| Users/Traffic | What Changes? |
|---|---|
| 100 users | Single API server handles requests; simple database; no caching needed; low latency. |
| 10,000 users | Need load balancer; multiple API servers; database read replicas; introduce caching layer (e.g., Redis); rate limiting. |
| 1,000,000 users | API servers scaled horizontally with auto-scaling; database sharding; CDN for static content; advanced caching; API gateway for routing and security; asynchronous processing for heavy tasks. |
| 100,000,000 users | Global distributed API servers; multi-region database clusters; aggressive caching and edge computing; microservices split; strict rate limiting and quota management; event-driven architecture for scalability. |
REST API design for systems in HLD - Scalability & System Analysis
At small to medium scale, the database is the first bottleneck. It struggles to handle high query rates and concurrent connections from API servers. This causes increased latency and potential downtime.
- Database: Use read replicas to distribute read load; implement connection pooling; shard data by user or region.
- API Servers: Scale horizontally behind a load balancer; use stateless design for easy scaling.

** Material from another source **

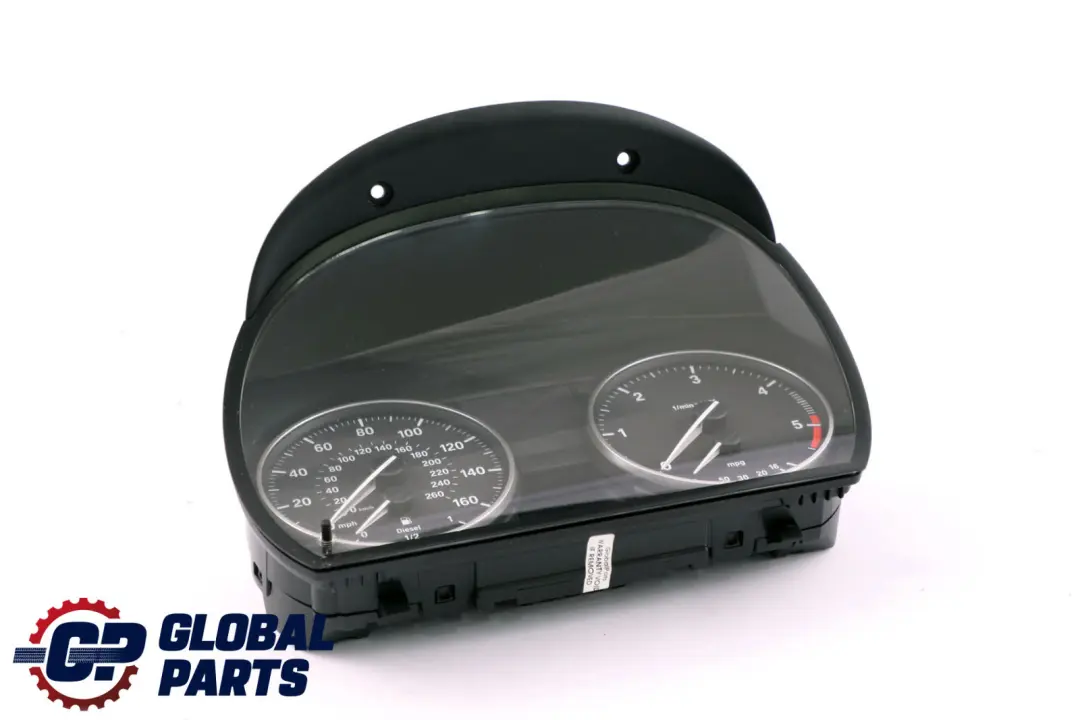 BMW 3 Series E90 E91 Diesel Instrument Cluster Speedo Clocks Automatic 9166849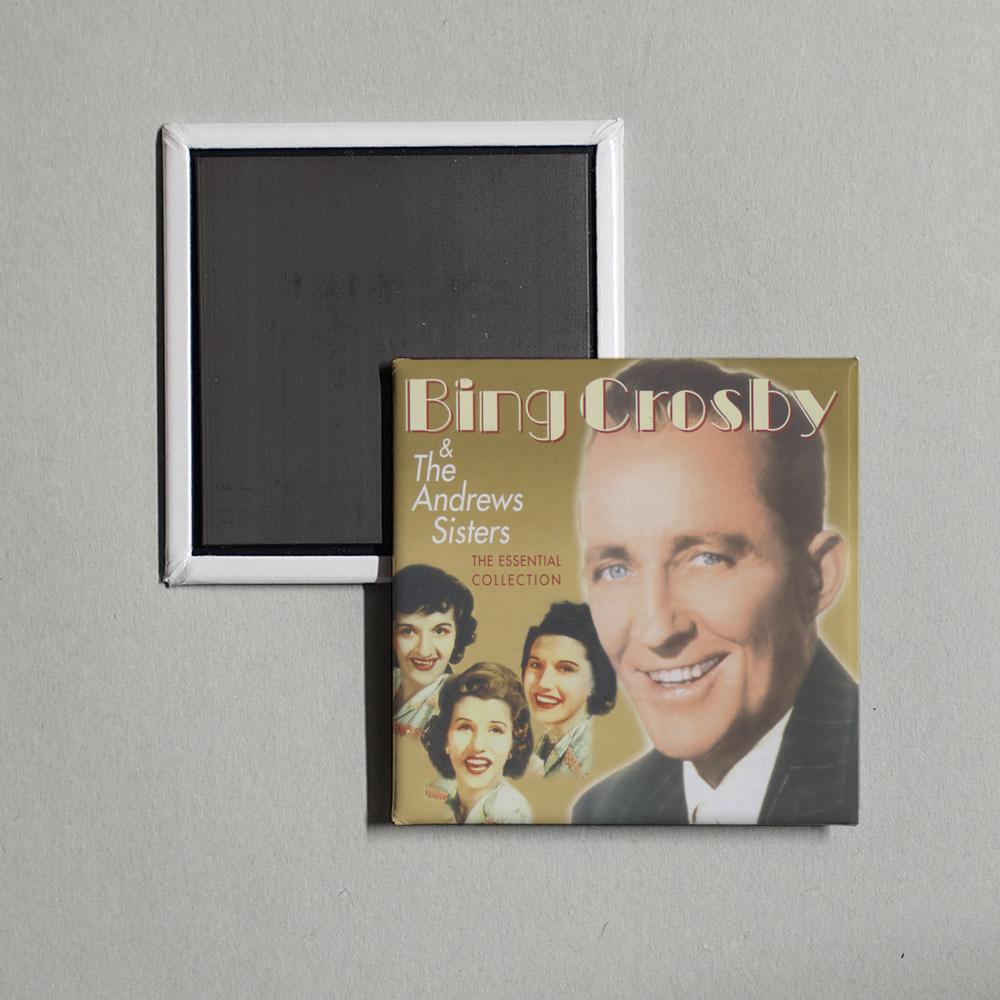 Bing Crosby - The Essential Collection Album Cover Fridge Magnet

- Caching: Add in-memory caches (Redis/Memcached) to reduce database hits for frequent queries.
- CDN: Serve static content and cache API responses at edge locations to reduce latency.
- API Gateway: Manage routing, authentication, rate limiting, and monitoring centrally.
- Asynchronous Processing: Offload heavy or long-running tasks to background workers or message queues.
- At 10,000 users, expect ~1000 QPS (requests per second) assuming 1 request per user per 10 seconds.
- Database needs to handle ~1000 QPS; a single PostgreSQL instance can handle up to ~5000 QPS, so read replicas help.
- API servers: each can handle ~2000 concurrent connections; 3-5 servers recommended for redundancy and load.
- Bandwidth: 1 Gbps network (~125 MB/s) sufficient for typical JSON payloads under 1 KB at 1000 QPS.
- Storage: depends on data retention; for 1 million users, expect tens to hundreds of GBs of data monthly.
Start by clarifying API usage patterns and expected traffic. Identify the main components: API servers, database, caching, and network. Discuss bottlenecks in order: database first, then servers, then network. Propose scaling solutions step-by-step with reasons. Mention trade-offs like consistency vs availability. Keep answers structured and focused.
Your database handles 1000 QPS. Traffic grows 10x to 10,000 QPS. What do you do first?
Answer: Add read replicas to distribute read queries and reduce load on the primary database. Also, implement caching to reduce database hits. This addresses the database bottleneck before scaling API servers.